[Given entries — start]

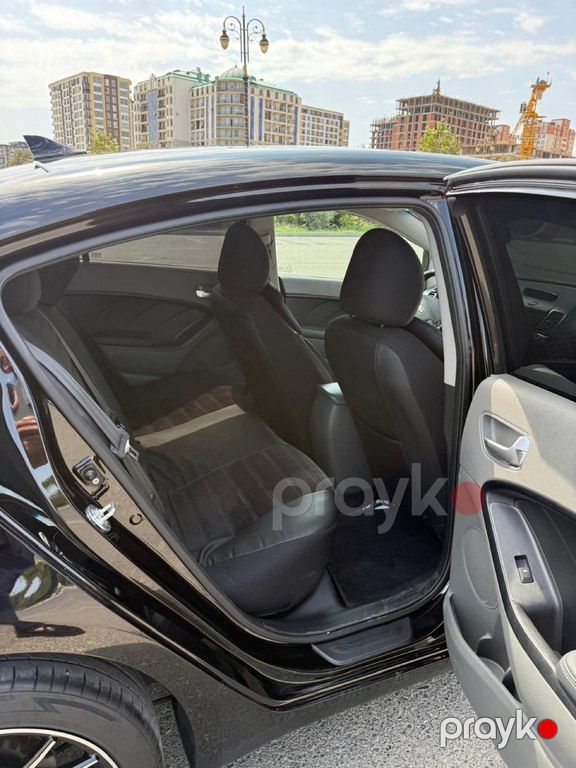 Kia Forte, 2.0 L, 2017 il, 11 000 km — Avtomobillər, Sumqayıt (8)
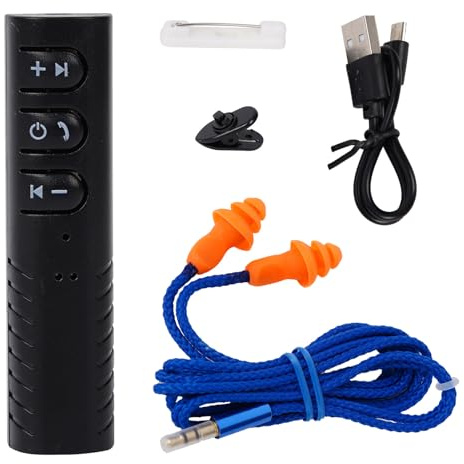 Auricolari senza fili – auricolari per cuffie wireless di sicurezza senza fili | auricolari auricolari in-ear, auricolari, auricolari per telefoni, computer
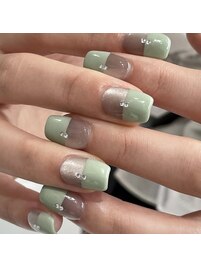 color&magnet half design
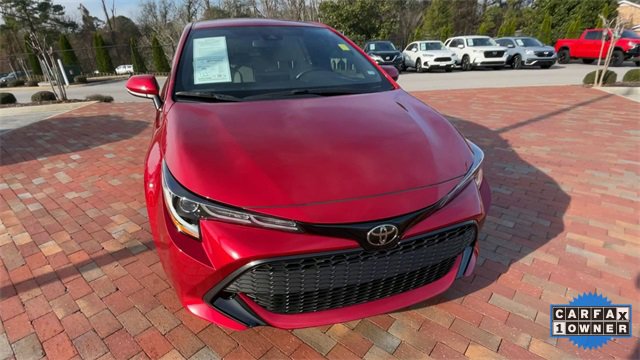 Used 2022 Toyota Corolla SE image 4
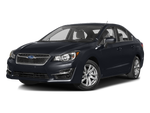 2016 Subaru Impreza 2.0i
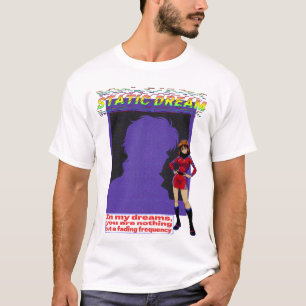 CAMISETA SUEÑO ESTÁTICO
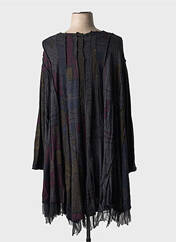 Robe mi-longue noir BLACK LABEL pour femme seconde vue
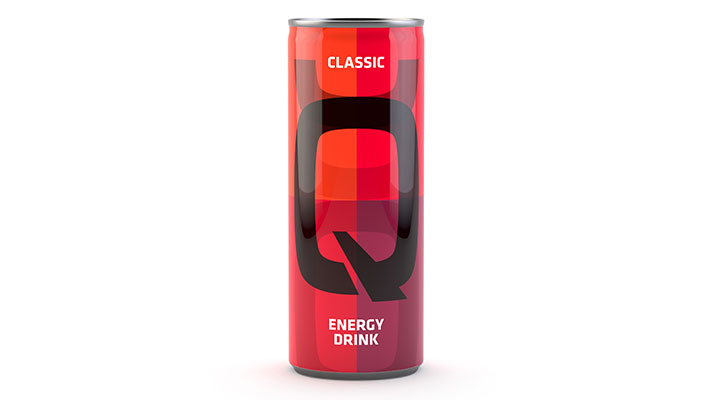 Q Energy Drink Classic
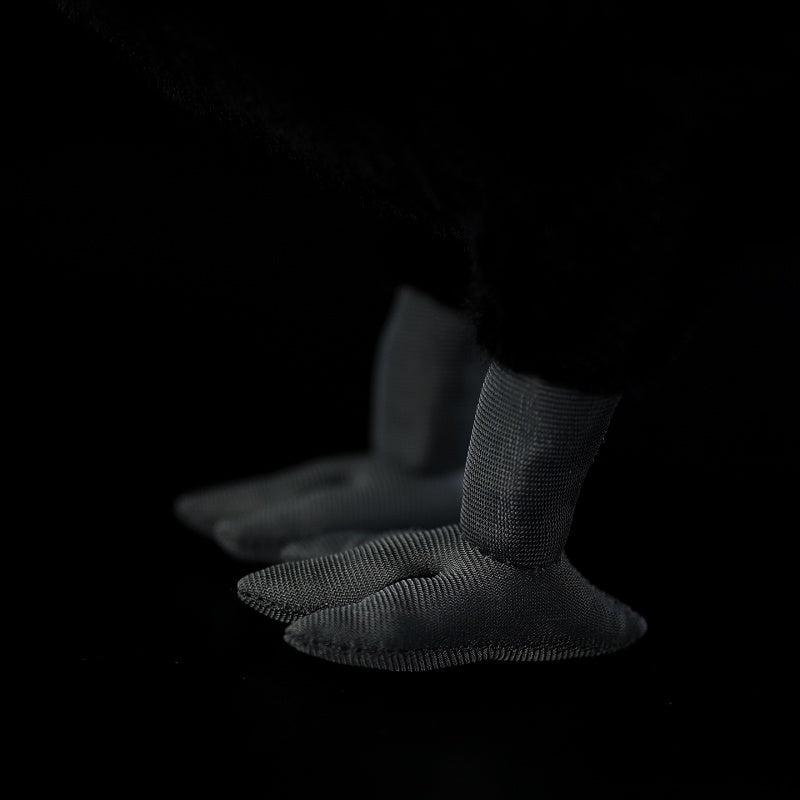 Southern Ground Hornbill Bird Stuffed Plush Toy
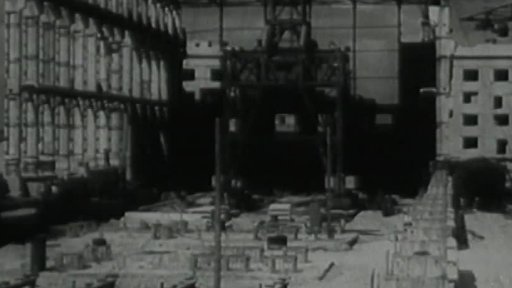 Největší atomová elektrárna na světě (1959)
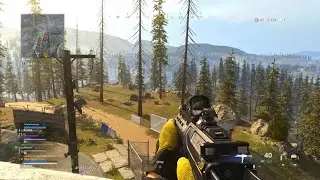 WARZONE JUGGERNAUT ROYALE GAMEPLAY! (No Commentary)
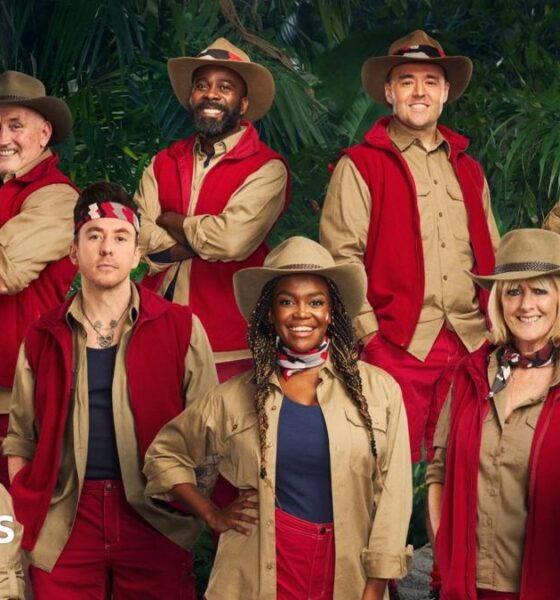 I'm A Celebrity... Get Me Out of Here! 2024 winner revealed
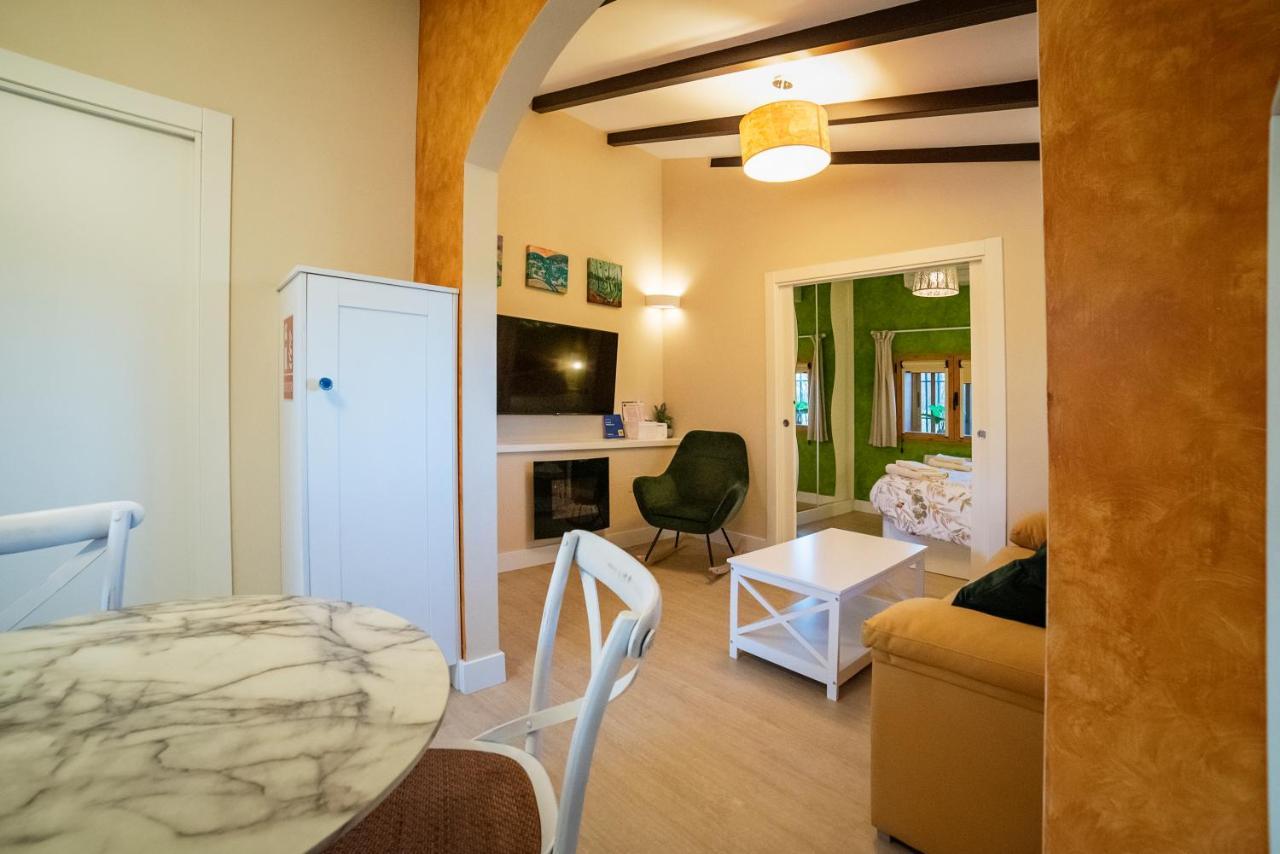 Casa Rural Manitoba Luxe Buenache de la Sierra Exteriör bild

[Given entries — finish]
[Given entries — start]

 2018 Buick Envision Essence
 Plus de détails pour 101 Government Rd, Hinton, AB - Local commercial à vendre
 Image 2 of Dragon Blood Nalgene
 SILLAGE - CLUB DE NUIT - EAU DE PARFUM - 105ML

[Given entries — finish]
[Given entries — start]

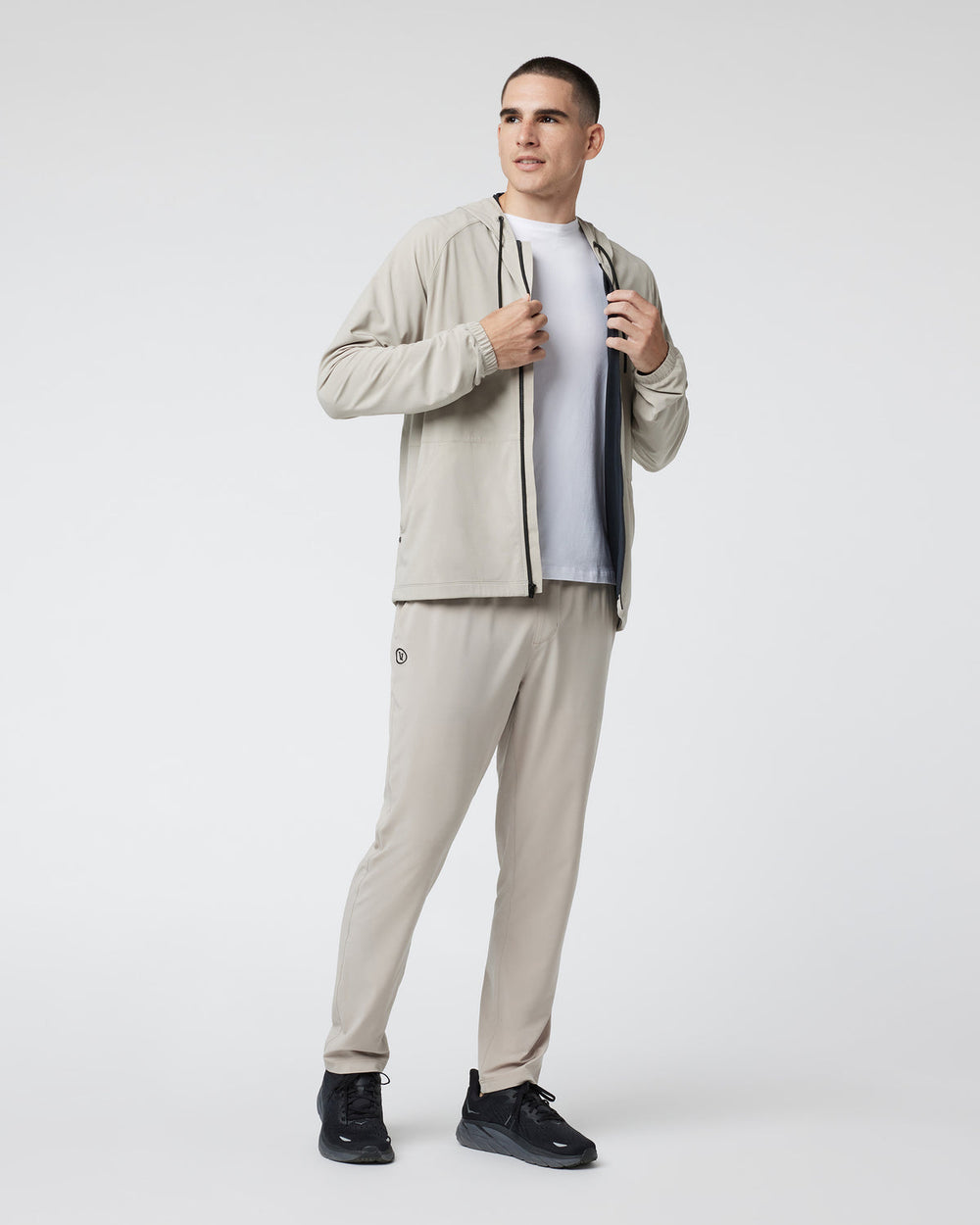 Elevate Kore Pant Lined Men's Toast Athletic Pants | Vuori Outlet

[Given entries — finish]

All lines above from the one containing "WARZONE JUGGERNAUT ROYALE" up to and including the one containing "Casa Rural Manitoba" are to be set down exactly, and nothing else. Leave images out.

— Answer to this task —
 WARZONE JUGGERNAUT ROYALE GAMEPLAY! (No Commentary)
 I'm A Celebrity... Get Me Out of Here! 2024 winner revealed
 Casa Rural Manitoba Luxe Buenache de la Sierra Exteriör bild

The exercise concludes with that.